Publishers Respond: Articles Plagiarized by Politicians Will Be Retracted

Following the plagiarism scandal that has hit the Albanian political scene, involving several (former) ministers and deputies who appear to have faked their academic research, international publishers are now responding to the alleged cases of plagiarism first made public by Taulant Muka.

One of these cases involved an article co-authored by former Deputy Minister of Education Ervin Demo in the Elsevier journal Procedia. Demo and his colleagues had plagiarized several parts from their article from a widely available student textbook.

In a response to an inquiry from Exit, Joice Jiang, Senior Publishing Content Specialist at Elsevier,  stated that Procedia will contact the guest editors of the issue in which Demo’s article appeared, and that “in case of plagiarism, article will be reviewed by a panel inside of Elsevier and be retracted after the panel’s approval.”

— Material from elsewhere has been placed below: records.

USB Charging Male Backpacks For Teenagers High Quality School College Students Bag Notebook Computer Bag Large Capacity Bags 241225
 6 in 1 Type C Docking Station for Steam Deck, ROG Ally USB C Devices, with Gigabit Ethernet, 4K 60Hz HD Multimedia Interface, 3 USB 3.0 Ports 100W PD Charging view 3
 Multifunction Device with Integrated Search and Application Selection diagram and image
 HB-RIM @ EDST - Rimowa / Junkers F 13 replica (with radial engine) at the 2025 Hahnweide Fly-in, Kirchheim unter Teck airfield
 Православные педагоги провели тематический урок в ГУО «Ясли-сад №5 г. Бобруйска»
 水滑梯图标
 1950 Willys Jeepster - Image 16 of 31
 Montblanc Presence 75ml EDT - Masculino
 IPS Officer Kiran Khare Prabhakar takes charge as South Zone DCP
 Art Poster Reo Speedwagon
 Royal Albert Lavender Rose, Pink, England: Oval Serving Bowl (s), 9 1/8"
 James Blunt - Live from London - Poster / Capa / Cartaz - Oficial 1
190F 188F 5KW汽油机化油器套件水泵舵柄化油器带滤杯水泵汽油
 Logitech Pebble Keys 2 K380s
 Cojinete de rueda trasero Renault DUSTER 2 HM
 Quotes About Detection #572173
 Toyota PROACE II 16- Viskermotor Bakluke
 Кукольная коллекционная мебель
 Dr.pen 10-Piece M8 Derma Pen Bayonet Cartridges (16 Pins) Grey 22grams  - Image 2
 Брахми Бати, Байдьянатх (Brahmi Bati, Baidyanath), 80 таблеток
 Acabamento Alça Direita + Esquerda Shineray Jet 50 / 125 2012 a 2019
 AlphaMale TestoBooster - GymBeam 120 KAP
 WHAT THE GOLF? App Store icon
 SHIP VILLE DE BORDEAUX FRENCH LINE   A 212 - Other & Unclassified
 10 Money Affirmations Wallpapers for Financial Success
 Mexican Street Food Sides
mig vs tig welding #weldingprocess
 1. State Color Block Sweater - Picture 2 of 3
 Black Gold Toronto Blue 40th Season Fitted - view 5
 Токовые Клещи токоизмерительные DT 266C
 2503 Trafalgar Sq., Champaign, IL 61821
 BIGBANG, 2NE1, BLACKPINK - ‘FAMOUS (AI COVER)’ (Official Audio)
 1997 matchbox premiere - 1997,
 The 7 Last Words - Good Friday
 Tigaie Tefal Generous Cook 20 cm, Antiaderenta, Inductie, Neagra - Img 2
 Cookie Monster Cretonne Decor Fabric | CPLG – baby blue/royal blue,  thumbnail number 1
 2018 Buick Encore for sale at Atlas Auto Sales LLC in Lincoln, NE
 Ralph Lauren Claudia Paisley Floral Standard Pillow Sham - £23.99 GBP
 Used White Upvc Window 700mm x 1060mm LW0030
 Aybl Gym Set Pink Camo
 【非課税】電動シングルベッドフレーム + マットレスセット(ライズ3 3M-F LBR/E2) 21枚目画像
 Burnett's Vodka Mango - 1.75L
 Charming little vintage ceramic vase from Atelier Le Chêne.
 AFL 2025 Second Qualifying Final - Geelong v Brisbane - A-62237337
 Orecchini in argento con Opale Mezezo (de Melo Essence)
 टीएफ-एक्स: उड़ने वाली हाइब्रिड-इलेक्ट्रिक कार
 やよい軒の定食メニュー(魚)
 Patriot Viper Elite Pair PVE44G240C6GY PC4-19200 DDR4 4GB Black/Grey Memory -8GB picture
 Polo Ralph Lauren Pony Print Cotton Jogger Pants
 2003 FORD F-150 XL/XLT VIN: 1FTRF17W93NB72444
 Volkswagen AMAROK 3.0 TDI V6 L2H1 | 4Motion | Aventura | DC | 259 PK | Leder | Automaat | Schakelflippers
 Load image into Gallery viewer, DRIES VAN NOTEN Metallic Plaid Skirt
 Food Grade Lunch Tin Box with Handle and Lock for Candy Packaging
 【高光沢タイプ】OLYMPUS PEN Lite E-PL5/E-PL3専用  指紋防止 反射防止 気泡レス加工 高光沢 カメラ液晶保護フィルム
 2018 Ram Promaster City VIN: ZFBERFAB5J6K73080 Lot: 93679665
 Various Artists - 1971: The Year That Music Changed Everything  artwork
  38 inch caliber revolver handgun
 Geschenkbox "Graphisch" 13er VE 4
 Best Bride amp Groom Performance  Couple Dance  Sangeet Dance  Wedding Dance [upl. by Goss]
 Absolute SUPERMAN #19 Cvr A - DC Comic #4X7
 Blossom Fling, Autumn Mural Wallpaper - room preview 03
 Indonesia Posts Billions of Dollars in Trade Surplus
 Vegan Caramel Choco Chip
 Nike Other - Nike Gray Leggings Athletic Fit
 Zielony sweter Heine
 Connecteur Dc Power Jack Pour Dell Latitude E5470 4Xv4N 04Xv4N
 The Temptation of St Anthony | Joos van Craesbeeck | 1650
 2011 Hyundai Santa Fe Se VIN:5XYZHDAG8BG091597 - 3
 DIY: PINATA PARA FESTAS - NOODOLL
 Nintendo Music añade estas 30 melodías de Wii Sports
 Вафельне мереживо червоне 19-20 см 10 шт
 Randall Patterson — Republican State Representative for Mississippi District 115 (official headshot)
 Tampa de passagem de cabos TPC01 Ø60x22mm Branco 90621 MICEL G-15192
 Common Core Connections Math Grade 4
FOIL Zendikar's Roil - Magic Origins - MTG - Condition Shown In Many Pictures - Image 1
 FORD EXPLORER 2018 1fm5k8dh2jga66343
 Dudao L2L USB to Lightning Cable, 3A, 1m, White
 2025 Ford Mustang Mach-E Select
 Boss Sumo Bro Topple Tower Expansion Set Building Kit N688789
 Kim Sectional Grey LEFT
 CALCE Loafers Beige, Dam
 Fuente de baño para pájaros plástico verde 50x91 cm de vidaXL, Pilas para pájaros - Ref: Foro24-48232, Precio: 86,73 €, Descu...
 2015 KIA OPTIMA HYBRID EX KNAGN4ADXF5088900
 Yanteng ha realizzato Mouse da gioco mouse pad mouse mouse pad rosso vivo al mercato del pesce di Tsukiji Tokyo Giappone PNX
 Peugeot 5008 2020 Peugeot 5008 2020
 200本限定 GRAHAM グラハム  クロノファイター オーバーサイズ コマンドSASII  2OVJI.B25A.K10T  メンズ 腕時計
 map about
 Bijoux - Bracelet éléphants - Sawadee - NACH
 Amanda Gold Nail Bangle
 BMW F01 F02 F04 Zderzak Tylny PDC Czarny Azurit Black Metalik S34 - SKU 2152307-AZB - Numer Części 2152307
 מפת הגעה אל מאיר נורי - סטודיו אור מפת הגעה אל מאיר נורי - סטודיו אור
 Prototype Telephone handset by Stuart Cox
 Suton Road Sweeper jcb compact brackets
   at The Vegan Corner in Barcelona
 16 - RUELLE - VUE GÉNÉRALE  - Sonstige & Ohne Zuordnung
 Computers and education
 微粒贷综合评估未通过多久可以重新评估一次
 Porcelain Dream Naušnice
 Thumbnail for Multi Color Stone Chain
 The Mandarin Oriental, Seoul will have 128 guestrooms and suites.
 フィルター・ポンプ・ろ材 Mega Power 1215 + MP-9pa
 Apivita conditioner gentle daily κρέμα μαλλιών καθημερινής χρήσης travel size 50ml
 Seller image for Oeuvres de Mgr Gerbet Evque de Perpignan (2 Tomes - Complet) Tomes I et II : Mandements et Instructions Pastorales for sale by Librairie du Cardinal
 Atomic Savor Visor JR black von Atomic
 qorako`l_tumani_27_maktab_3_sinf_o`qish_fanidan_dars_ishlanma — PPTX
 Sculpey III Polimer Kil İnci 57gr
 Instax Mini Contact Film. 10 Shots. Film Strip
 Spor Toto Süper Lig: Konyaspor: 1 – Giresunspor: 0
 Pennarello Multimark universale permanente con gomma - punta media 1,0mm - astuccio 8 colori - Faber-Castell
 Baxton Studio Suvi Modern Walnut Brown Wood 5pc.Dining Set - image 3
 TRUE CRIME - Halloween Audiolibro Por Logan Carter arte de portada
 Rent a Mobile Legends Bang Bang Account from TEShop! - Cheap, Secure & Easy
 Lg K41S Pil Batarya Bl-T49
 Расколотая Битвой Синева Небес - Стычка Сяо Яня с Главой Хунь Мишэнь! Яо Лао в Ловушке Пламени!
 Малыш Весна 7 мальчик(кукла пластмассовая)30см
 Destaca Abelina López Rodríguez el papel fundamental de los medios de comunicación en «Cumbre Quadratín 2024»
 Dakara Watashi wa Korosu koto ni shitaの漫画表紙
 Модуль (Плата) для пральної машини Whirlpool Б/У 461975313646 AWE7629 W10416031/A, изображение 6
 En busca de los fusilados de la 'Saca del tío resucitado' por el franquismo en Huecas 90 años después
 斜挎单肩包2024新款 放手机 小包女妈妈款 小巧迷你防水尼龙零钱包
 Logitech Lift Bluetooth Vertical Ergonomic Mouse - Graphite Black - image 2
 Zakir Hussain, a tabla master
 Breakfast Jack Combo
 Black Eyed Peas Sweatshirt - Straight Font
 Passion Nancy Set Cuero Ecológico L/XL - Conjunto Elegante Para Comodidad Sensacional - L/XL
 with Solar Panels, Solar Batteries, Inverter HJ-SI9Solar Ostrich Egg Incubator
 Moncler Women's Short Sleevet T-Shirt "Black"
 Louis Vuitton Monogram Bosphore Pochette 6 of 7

The issue of Procedia that featured Demo’s article comprised the conference proceedings of the 8th International Strategic Management Conference in Barcelona, organized by the Beykent University of Istanbul, Turkey and the Gebze Institute of Technology, Kocaeli, Turkey. On the website, Elsevier is mentioned as “world-renowned … partner.” The issue was edited by Mehtap Özşahin and Cemal Zehir, both from the Gebze Institute of Technology.

Interestingly, the journal Procedia has suspended its activities earlier this year because, as Jiang declared, “the conference organizer can’t guarantee the peer review quality as agreed with Elsevier.”